On President’s Day we remember all our past Presidents, but I still like to honor our first President and his humility, character and wisdom which he brought to public service at a critical time in our history.
When he was about fourteen years old, young George Washington hand wrote the 110 Rules of Civility in his school book. The rules originated in France in the 16th century and were widely circulated in the American colonies during Washington’s youth. Historians believe these tenets influenced the development of Washington’s character for his lifetime.
Here are just a few for your reading enjoyment on this President’s Day.
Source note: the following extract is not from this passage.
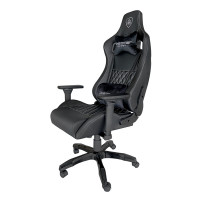 KEEP OUT Cadeira Gaming Premium XSPROHAMMERBS BLACK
I have copied them as written in Washington’s school book including any misspellings.
Rule 1 - Every Action done in Company, ought to be with Some Sign of Respect, to those that are Present.
Rule 5 - If You Cough, Sneeze, Sigh, or Yawn, do it not Loud but Privately; and Speak not in your Yawning, but put Your handkercheif or Hand before your face and turn aside.
Rule 6 - Sleep not when others Speak, Sit not when others stand, Speak not when you Should hold your Peace, walk not on when others Stop.
Rule 18 - Read no Letters, Books, or Papers in Company but when there is a Necessity for the doing of it you must ask leave: come not near the Books or Writings of Another so as to read them unless desired or give your opinion of them unask'd also look not nigh when another is writing a Letter.
Rule 22 - Shew not yourself glad at the Misfortune of another though he were your enemy.
Rule 40 - Strive not with your Superiers in argument, but always Submit your Judgment to others with Modesty.
Rule 48 - Wherein you reprove Another be unblameable yourself; for example is more prevalent than Precepts.
Rule 56 - Associate yourself with Men of good Quality if you Esteem your own Reputation; for 'tis better to be alone than in bad Company.
Rule 58 - Let your Conversation be without Malice or Envy, for 'tis a Sig[n o]f a Tractable and Commendable Nature: And in all Causes of Passion [ad]mit Reason to Govern.